Exercise brief:
Please give back each line of the material unchanged, but without the images.

The data:

"""

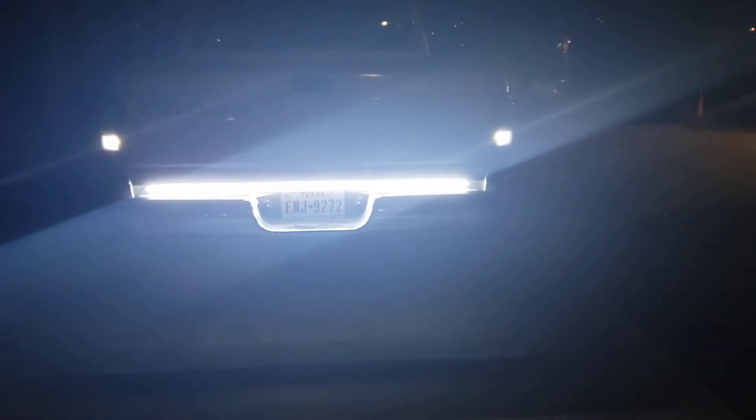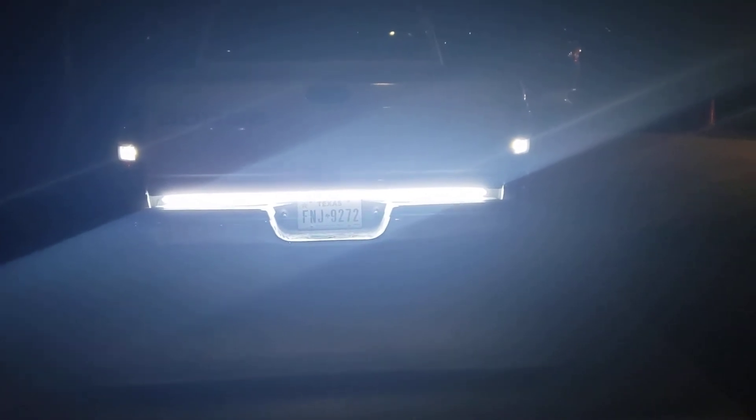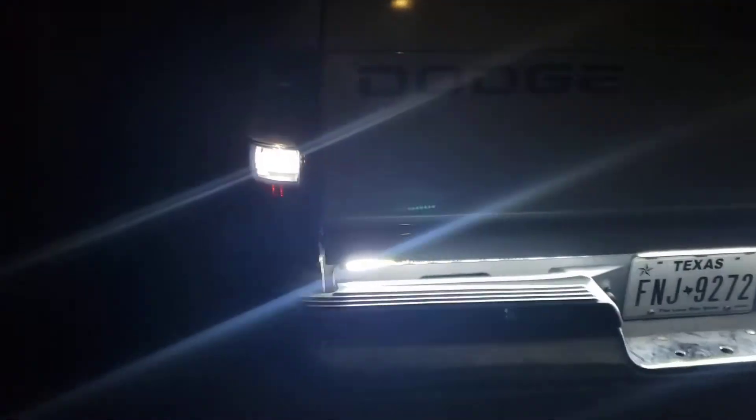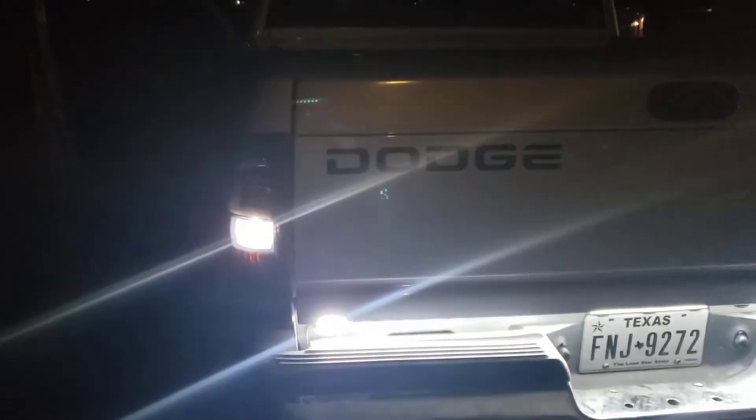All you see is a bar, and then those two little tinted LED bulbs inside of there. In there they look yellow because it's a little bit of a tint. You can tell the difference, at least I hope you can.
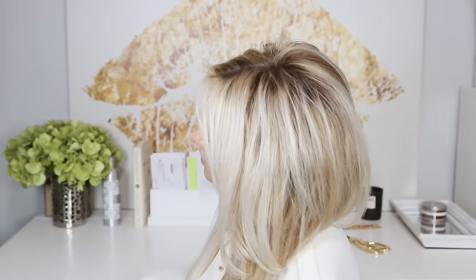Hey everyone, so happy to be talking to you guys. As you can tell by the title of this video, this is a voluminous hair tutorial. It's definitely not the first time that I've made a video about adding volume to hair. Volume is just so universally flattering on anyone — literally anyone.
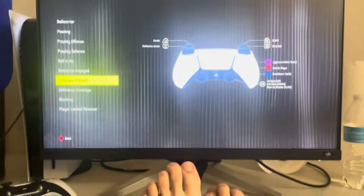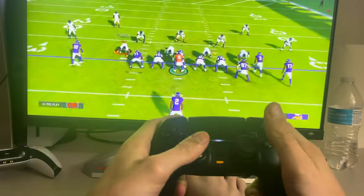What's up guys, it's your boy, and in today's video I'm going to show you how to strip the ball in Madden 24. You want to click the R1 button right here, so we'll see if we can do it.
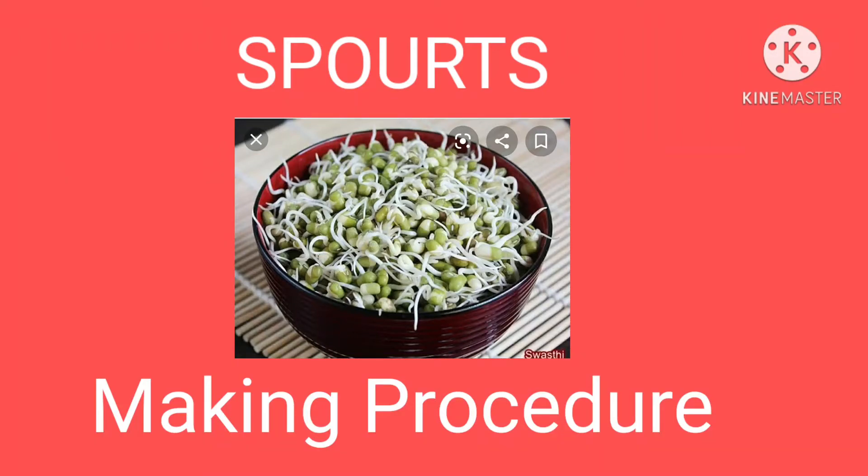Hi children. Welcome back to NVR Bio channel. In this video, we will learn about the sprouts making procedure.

"""

Finished exercise:
All you see is a bar, and then those two little tinted LED bulbs inside of there. In there they look yellow because it's a little bit of a tint. You can tell the difference, at least I hope you can.
Hey everyone, so happy to be talking to you guys. As you can tell by the title of this video, this is a voluminous hair tutorial. It's definitely not the first time that I've made a video about adding volume to hair. Volume is just so universally flattering on anyone — literally anyone.
What's up guys, it's your boy, and in today's video I'm going to show you how to strip the ball in Madden 24. You want to click the R1 button right here, so we'll see if we can do it.
Hi children. Welcome back to NVR Bio channel. In this video, we will learn about the sprouts making procedure.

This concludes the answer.